I like starting with Jason’s character, who is really an ordinary man, an innocent, and it will give us a much longer, hopefully many-season arc for him. But, yes, there will be that intensity. I think most importantly there’ll be that roller coaster (ride), and a visceral response to what you’re watching.
Jeffrey Reiner: But we’re also servicing a lot more characters. Our story is many different points-of-view, so where Jack Bauer is really the main thrust on 24, we’re telling the story through all these great characters.
How much information was given to the actors on this before they started?
Jeffrey Reiner: A lot of the show is what is waiting behind closed doors with these characters, so we try to keep them somewhat unaware of what’s gong to happen to them.
This is obviously coming right on the heels of Lost ending. A lot of people loved Lost, but they also felt fatigues by the end of the show. How do you convince those people to get sucked back into another very complicated, serialized story?
Nick Wauters: I’ve been a big fan of 24 and Lost, and so that definitely influenced my writing. I’m very conscious of that, which is why we’re going to try and reveal as many answers as we can as we go, and then set up new mysteries. But you still have to go on faith that we know what we’re doing.
I came in with this bible. All the characters were really developed from the beginning, even though that’s not really shown in the pilot, because the pilot had so many things going on. The pilot is an invitation to the series. It’s an appetizer.
Going back to the Lost template, one of the reasons for that particular show’s success was the interactive development, the Web pages, getting fans involved in various ways that had nothing to do with the small screen. How important is that going to be for you?
Nick Wauters: I’m a major geek. So going into the show that was something that was very important to me, and I see it as an extension of the show in a way. I’ve been working very closely with NBC Digital to create and expand the world of the series. So people can watch the show without having to go online, but if you go online, you will get a lot more out of the experience.
Given that this is coming in the wake of V and The 4400, how quickly will we resolve whether Laura Innes’ character is from outer space or not?
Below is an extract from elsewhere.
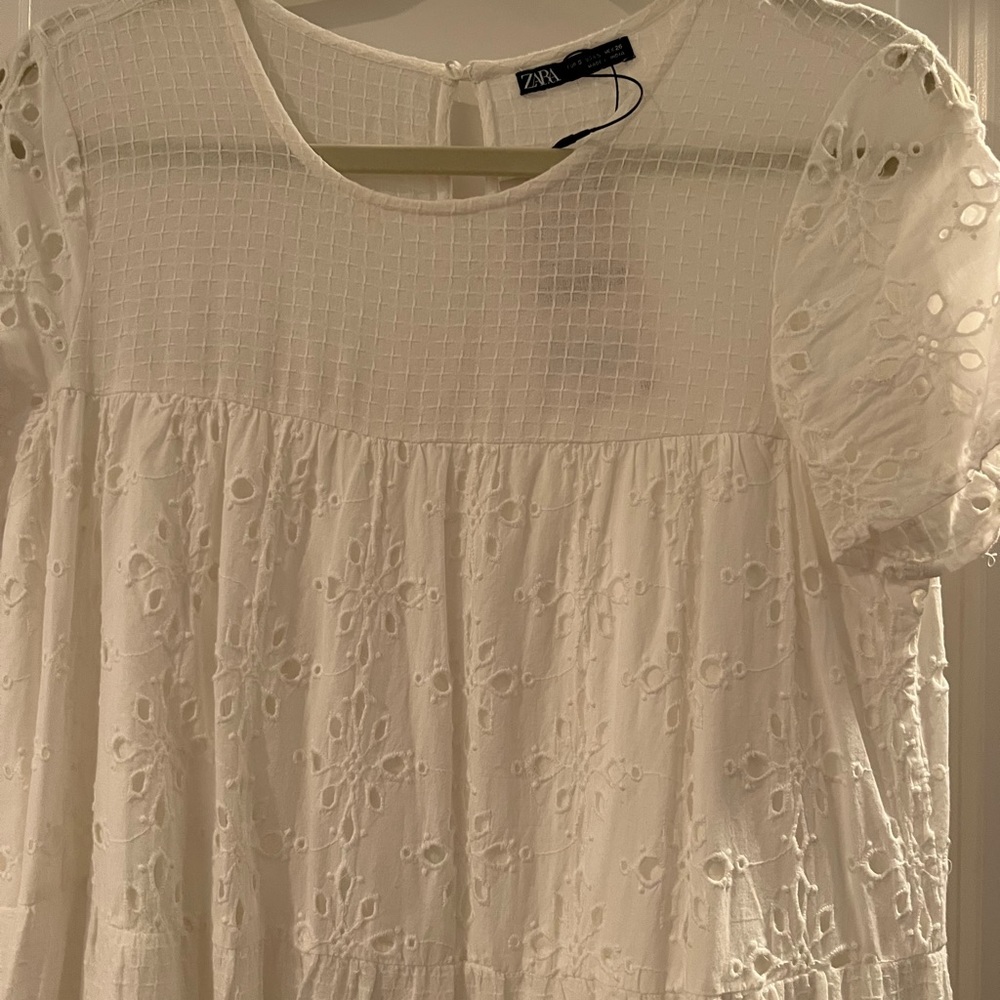 White Zara eyelet short sleeve dress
Nick Wauters: When I sat down to write the show, one of my main goals was to write a show that could keep the audience hungry but not frustrated. That’s one of the answers you’ll get in the second episode.
Evan Katz: All of these characters have secrets, and in large part, this show will be about peeling away those layers.
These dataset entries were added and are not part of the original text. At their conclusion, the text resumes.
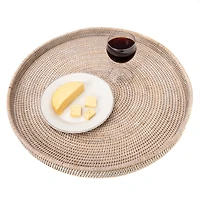 Artifacts Trading Company Artifacts Rattan Round Ottoman Tray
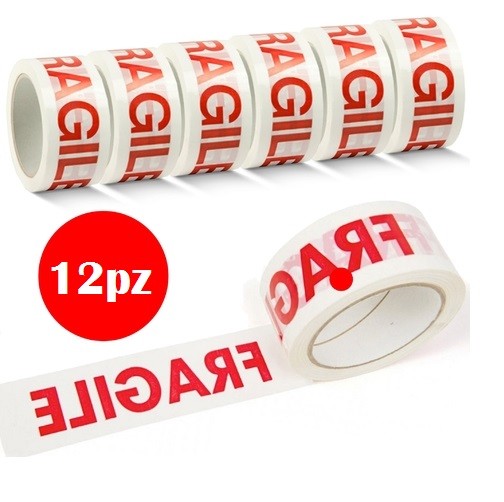 Set 12 Pezzi Rotolo Nastro Adesivo Imballaggi Scritta Fragile moc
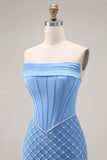 Blue Pearl Mermaid Corset Strapless Long Prom Dress With Slit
Heroes made a big deal out of the fact that they were going to reveal a lot, and they burned through a lot of plot very quickly. After season one, there was no more plot left to burn through. So how do you balance that?
Steve Stark: Before NBC bought the pilot, I think the bible that we developed was longer than the script. We were very clear where we were going. So we have tent-pole benchmarks that we’re going to hit as the series progresses into even season 3.